▶ DATA FOR PROCESSING
======

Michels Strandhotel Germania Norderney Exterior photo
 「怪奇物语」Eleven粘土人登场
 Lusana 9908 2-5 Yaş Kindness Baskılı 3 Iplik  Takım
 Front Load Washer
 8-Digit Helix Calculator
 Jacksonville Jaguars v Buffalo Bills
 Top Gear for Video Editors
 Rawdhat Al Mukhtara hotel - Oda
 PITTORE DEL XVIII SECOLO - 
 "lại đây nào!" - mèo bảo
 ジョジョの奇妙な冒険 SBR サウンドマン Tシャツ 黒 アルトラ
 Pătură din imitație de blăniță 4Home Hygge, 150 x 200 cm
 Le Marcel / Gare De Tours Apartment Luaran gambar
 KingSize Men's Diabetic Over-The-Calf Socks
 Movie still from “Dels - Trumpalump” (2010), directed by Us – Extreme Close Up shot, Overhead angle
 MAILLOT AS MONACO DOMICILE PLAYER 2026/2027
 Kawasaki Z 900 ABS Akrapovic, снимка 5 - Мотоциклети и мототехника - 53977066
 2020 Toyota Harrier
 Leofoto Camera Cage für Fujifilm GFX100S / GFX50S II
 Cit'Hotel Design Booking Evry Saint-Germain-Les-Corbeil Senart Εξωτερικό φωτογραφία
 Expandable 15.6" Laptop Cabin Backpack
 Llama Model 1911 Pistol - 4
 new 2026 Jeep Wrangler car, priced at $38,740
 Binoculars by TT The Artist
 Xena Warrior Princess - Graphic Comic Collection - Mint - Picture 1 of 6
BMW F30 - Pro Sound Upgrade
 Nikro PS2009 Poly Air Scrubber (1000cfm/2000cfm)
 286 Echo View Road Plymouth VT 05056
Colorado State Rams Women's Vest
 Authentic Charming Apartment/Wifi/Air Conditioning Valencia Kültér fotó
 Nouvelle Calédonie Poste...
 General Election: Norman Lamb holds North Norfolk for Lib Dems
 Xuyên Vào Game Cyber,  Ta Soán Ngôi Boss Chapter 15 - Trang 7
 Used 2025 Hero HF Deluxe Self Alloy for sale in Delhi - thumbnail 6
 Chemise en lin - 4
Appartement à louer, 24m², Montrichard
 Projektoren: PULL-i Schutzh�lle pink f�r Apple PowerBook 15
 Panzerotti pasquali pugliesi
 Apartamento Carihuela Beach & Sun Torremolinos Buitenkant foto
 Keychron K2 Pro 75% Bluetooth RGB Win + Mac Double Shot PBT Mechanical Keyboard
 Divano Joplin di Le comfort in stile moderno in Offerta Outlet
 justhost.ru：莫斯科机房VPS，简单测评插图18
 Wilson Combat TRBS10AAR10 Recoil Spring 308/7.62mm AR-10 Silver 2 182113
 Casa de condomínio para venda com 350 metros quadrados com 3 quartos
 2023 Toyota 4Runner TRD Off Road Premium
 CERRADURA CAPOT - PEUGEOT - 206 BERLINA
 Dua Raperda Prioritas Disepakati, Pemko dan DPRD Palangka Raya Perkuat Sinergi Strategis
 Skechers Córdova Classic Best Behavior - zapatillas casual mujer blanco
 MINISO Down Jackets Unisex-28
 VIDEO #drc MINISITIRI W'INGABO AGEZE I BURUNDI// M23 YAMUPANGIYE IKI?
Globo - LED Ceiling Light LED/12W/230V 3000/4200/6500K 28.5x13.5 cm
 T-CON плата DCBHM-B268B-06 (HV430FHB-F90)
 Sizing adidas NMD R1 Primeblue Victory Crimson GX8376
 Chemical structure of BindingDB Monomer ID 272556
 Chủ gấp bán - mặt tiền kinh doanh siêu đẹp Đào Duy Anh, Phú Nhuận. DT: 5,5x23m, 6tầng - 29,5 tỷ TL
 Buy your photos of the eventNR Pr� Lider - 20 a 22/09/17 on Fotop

======

▶ TASK GOAL
The answer should be a single number: how many lines of the entries hold "Toyota".

▶ EXERCISE OUTPUT
2